What is the reliability of the scales BEFKI figural (wle.gff), C-test (wle.ctest) and highest ISEI of the family (HISEI)?

The WLE-reliabilities of the BEFKI (figural) and C-test scales are: BEFKI: 0.701; C-test: 0.884. Unfortunately, we cannot report a reliability coefficient for the highest ISEI in the family (HISEI), since this indicator was recorded via only one item.

How do I deal with missing values in multi-level models?

We recommend - as described in Chapter 10 of the report on the study LINK - the use of the Full Information Maximum Likelihood (FIML) approach to deal with missing values in multi-level models. IQB-analyses also used the PVs available in this dataset and only used FIML in Mplus afterwards.

Further methodological notes on dealing with missing values in multi-level models can be found in the following publications:

  • Grund, S., Lüdtke, O., & Robitzsch, A. (2018). Multiple imputation of missing data for multilevel models: Simulations and recommendations. Organizational Research Methods. doi: 10.1177/1094428117703686
  • Lüdtke, O., Robitzsch, A., & Grund, S. (2017). Multiple imputation of missing data in multilevel designs: A comparison of different strategies. Psychological Methods, 22, 141–165. doi: 10.1037/met0000096

Of the more than 44,000 students in the sample, about 40% have no performance data. What are the reasons for this?

The high percentage of missing values is due to the fact that not all students were presented with all competency tests, but a multiple matrix sampling was used. The missing values are therefore largely "Missing by Design". More information on test design can be found in the report on this study LINK (only german) in Chapter 4 and Chapter 13.

Is it possible to record the age of students (to the day) in the IQB studies?

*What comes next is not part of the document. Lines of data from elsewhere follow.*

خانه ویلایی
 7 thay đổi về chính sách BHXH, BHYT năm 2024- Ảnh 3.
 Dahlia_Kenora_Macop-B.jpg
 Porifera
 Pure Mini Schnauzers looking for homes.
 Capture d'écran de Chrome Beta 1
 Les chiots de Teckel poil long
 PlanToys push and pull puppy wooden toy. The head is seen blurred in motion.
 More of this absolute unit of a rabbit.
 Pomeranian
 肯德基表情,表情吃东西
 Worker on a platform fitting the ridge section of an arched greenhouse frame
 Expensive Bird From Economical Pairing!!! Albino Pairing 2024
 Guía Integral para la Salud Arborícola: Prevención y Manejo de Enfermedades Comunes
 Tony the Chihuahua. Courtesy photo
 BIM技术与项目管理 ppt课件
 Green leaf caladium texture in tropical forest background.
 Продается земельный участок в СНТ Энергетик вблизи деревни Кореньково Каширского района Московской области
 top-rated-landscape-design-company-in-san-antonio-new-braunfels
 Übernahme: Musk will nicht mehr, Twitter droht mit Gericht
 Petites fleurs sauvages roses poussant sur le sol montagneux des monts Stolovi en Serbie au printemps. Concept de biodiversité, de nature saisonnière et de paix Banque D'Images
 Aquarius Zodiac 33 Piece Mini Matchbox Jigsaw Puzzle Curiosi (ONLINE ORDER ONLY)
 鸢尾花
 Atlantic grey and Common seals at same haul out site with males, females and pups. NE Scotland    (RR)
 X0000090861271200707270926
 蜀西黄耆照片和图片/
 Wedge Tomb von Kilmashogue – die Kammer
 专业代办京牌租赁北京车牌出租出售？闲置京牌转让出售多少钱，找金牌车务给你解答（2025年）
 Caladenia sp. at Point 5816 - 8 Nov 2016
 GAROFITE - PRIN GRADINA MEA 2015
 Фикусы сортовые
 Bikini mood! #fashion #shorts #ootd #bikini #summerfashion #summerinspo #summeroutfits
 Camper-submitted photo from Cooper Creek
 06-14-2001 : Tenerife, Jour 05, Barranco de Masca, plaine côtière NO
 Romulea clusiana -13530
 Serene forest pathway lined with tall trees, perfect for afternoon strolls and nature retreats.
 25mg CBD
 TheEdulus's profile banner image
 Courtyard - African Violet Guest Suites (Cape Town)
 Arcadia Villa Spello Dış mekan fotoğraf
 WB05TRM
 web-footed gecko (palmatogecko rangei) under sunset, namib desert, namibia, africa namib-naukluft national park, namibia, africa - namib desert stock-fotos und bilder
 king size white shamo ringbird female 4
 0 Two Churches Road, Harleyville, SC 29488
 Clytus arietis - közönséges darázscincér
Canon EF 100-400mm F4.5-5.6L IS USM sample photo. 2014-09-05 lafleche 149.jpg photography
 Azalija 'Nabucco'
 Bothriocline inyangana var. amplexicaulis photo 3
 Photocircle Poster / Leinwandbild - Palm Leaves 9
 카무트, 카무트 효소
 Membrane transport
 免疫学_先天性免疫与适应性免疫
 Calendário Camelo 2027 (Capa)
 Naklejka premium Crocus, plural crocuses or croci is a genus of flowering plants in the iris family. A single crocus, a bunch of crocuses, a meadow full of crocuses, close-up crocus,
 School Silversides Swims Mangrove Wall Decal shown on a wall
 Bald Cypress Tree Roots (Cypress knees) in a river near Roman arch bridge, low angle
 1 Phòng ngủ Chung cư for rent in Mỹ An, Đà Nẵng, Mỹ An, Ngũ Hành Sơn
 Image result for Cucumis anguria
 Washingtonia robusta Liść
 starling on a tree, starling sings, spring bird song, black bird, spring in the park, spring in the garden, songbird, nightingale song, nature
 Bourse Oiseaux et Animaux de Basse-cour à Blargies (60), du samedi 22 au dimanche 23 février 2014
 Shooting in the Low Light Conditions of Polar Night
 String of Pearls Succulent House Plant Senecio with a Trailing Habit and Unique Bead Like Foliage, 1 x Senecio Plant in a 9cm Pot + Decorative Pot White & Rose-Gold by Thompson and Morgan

Information on the year and age of birth of students is collected as standard in the IQB studies and is available for re- and secondary analyses of the data. However, for reasons of data protection, exact information on the date of birth was not recorded and is not available in the data sets. The exact test date is also not included in most data sets. Often, however, the data sets contain an age variable that was calculated using the year and month of birth in relation to the test.

What are the new variables in the students` data set in version 4?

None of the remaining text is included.